→ EXERCISE PROMPT:
Begin your copy at the line with "Load image into" in the records below and end it at the line with "Mads Nørgaard Soil", restating each line word for word; omit the pictures.

→ EXTRACTED ENTRIES:
+++

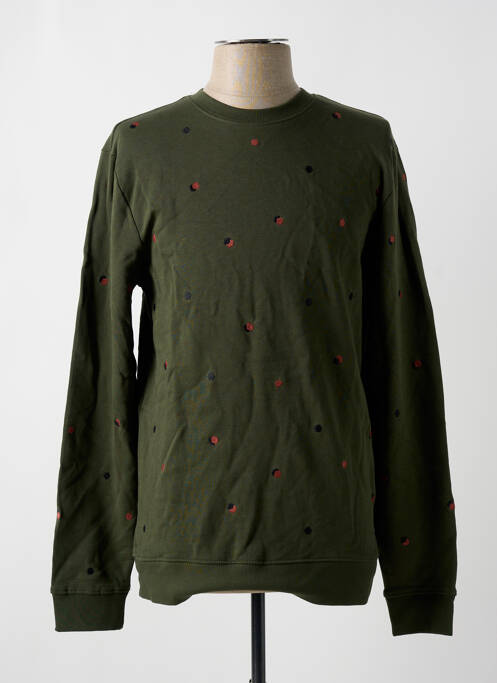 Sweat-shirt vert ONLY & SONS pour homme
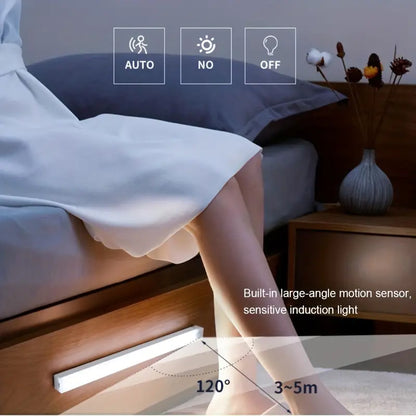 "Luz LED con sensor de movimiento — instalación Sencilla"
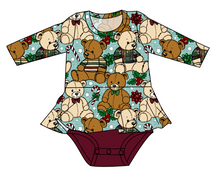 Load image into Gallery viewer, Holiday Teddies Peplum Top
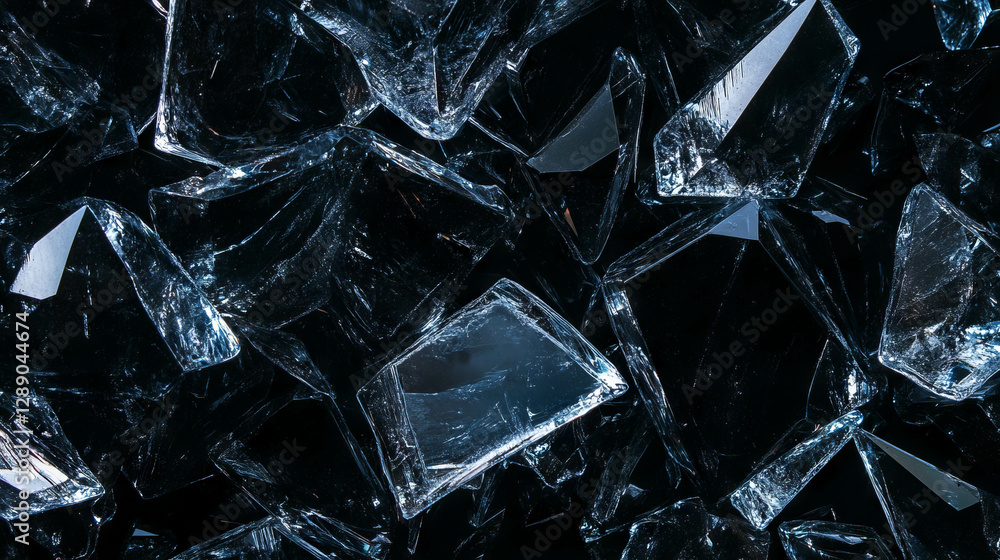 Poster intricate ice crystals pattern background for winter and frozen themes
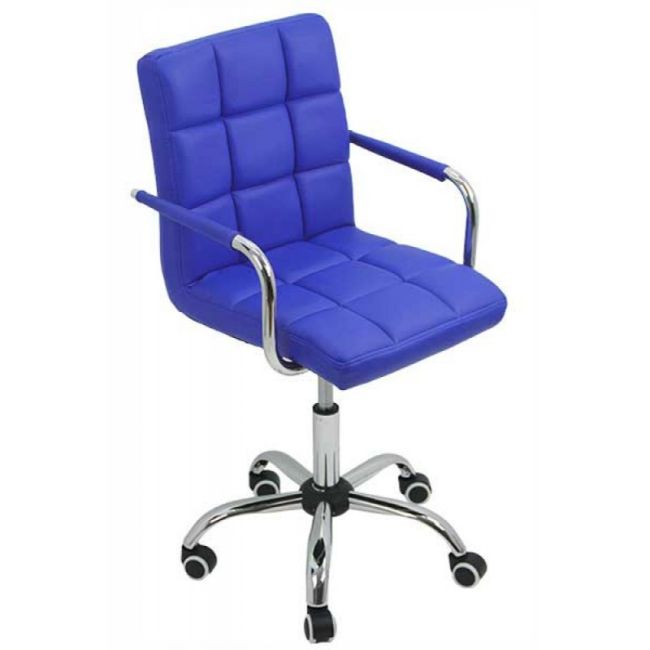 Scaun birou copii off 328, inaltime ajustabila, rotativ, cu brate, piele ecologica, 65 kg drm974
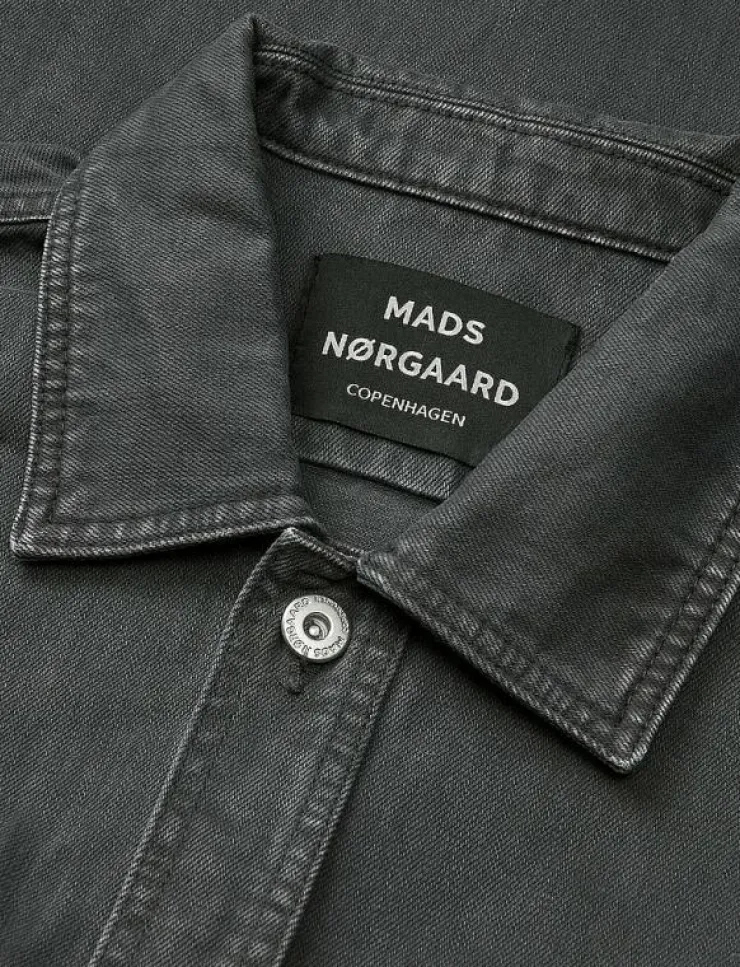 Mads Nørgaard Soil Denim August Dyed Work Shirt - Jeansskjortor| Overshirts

+++

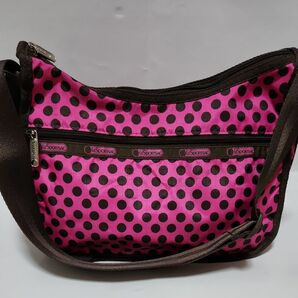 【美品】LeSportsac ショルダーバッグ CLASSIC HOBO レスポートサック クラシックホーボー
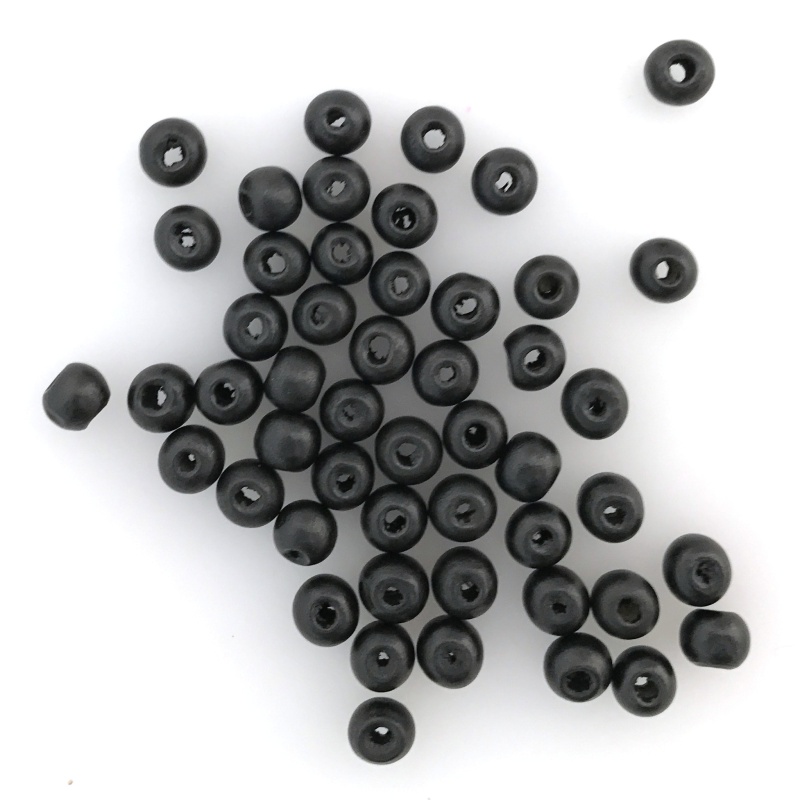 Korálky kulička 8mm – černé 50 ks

+++

→ TASK SOLUTION:
 Load image into Gallery viewer, Holiday Teddies Peplum Top
 Poster intricate ice crystals pattern background for winter and frozen themes
 Scaun birou copii off 328, inaltime ajustabila, rotativ, cu brate, piele ecologica, 65 kg drm974
 Mads Nørgaard Soil Denim August Dyed Work Shirt - Jeansskjortor| Overshirts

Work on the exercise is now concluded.